The micro sporangia develop further and become POLLEN SACS or
POLLEN CHAMBERS. They extend longitudinally all through the
length of an anther and are packed with pollen grains. The whole
anther is covered externally by a common EPIDERMIS.
Structure of micro sporangium
Microsporangium is cylindrical structure that runs on either side of
each anther lobe. It appears circular in transverse section. It consists of
two parts, microsporangial wall and sporogenous tissue.
MICROSPORANGIAL WALL
It is hypodermal wall having 3-5 layersEpidermis, endothecium, middle layers and the
tapetum. The outer three layers performs the
function of protection and help in dehiscence of
other to release the pollen.
The innermost wall layer is TAPETUM. It
nourishes the developing pollen grains. Cells of
the tapetum possess dense cytoplasm and generally
have more than one nucleus.
SPOROGENOUS TISSUE
It fills the interior of microsporangium . all the cells are
similar and called sporogenous cells. These cells divide
regularly to form diploid microspore mother cells of the
pollen grain mother cells(MMC or PMC). They are initially
connected by plasmodesmata. Plasmodesmata are broken by
formation of callose layers inner to cell wall. The separated
mother cells round off and undergo meiosis to form four
haploid microspores (tetrad). This phenomenon is known as
MICROSPOROGENESIS. As the anther mature and
dehydrate, the microspores dissociate from each other and
develop into POLLEN GRAINS. Inside each
microsporangium several thousands of microspores/ pollen
grains are formed that are formed that are released with the
dehiscence of anther.
Pollen Grain: It represents the male reproductive propagule
or young male gametophyte which is formed inside the
anther and is meant for reaching the female reproductive
organ though a pollinating agency.
Pollen grains are generally spherical measuring about 25-50
um in diameter. It has a prominent two-layered wall.
EXINE: It has a hard outer layer made up of sporapollenin
(Zelisch,1932) which is one of the most resistant organic
material known. It can withstand high temperatures and
strong acids and alkali. No enzyme that degrades
sporopollenin is so far known. Pollen grain exine has
prominent apertures called GERM PORES, where
sporopollenin is absent. There are usually 3 germ pores in
dicots and 1 in monocots.
Pollen grains are well preserved as fossils
because of the presence of sporapollenin
INTINE: It is inner layer of pollen grain wall
which is made up of cellulose and pectin.
Some enzymatic proteins also occur in the
intine (Knox and Heslop- Harrison, 1971).
Intine is normally thin.
Due to peripheral position of nucleus, the protoplast of
pollen grain divides unequally into two cells – a large tube
or VEGETATIVE CELL and small GENERATIVE CELL.
Tube cell or vegetative cell is rich in vacuoles as well as
reserve food. Slowly its nucleus enlarges and becomes
convoluted.
Generative cell in lenticular to spherical in outline. It has a
thin layer of cytoplasm around a compact nucleus. A layer
of callose develop around the generative cell. It helps in
separation of generative cell from the wall of a pollen grain.
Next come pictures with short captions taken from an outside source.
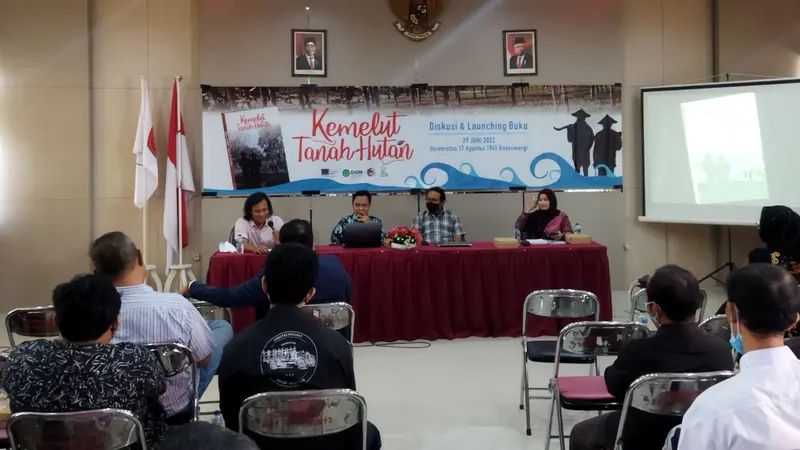 Peluncuran buku "Kemelut Tanah Hutan" gambaran konflik Agraria di Banyuwangi, (Istimewa).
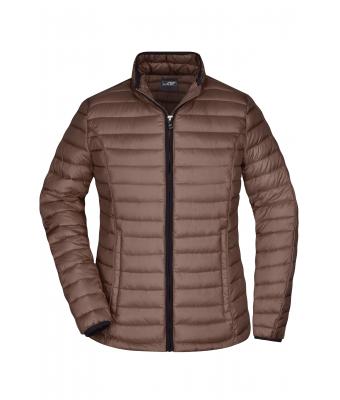 Ladies Ladies' Quilted Down Jacket Coffee/black 8215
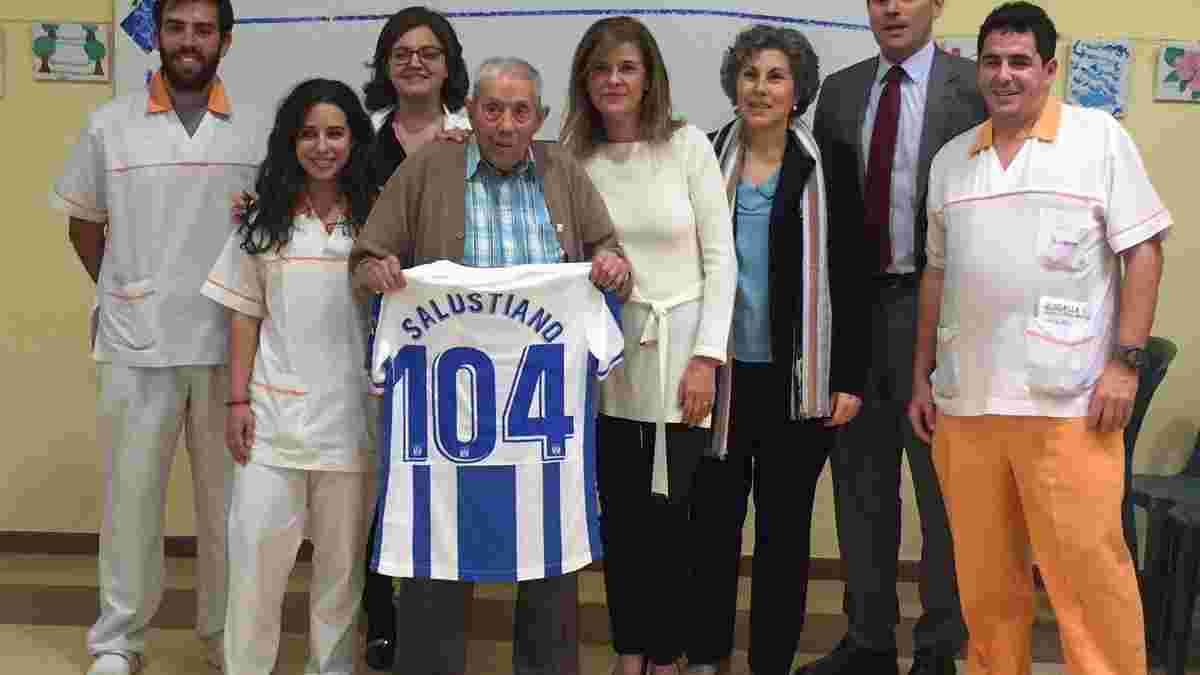 Леганес Лунина поддерживает 104-летний фанат – клуб тепло поздравил ветерана с Днем рождения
Later on, the callose covering of generative cell dissolves.
In several plants, the pollen grains are shed in 2 celled stage.
In many others, the generative cell divides further into two
male gametes. In such cases pollen grains are shed in 3celled stage.
Pollen grains of many species cause severe allergies and
bronchial afflictions in some people often leading to chronic
respiratory disorders- asthma, bronchitis etc.
Pollen grains are rich in nutrients. It has become fashionable
to use pollen tablets as food supplements. Their
consumption has been claimed to increase the performance
of athletes and race horses.
POLLEN VIABILITY: The period for which pollen grins
remain functional is called pollen viability. It depends on
the prevailing temperature, humidity and genetic
potentiality.
Eg. 1) Pollen grains of cereals like wheat, rice remain viable
only for 30 minutes.
2) Pollen grains of members of Rosaceae, Fabaceae and
Solanacea remain viable for several months.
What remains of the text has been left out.